Il faut donc que quelqu'un la lui raconte, et lui explique comment à
la banalité du vol dans la galerie, se superposent et s'enveloppent
deux autres histoires qu'il convient de comprendre pour pouvoir dépasser
la seule résolution factuelle de l'enquête. Le vrai perdant
de cette histoire appartient à un autre monde, et les véritables
naufrageurs ne sont pas nécessairement ceux qui s'affichent comme
tels.
Toutes ces raisons, mais il y en a encore d'autres, que chacun découvrira
– car on ne raconte pas ici de quoi est faite cette enquête
-, font que Le sourire de l'antilope mérite qu'on s'y
attarde. Miroir en réduction du monde, il rappelle, pour qui
veut bien s'en préoccuper, que ce qui s'est passé sur
le continent africain, et continue à s'y dérouler, n'est
pas sans retentissement sur nos existences quotidienne.
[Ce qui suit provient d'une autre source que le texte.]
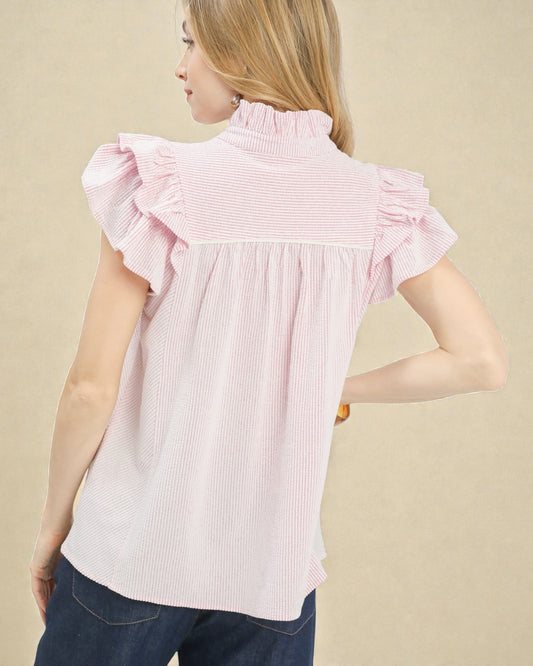 Woman wearing a pink striped blouse with ruffled shoulders on a beige background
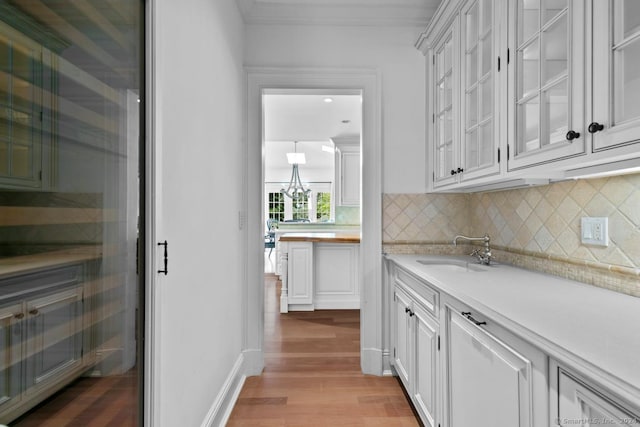 bar with light wood-type flooring, crown molding, backsplash, white cabinetry, and sink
L'art, en Afrique,
interroge ceux qui le regardent depuis les lointains.
Et si le lecteur désire savoir ce qu'est, en fait, un Ty
Wara, il a le loisir de se rendre dans la galerie des Naufragés
du temps, à Saint-Malo. D'ailleurs, il paraît impensable
de se rendre intra-muros, sans entrer dans la galerie, qui est un véritable
le lieu de passage entre les mondes.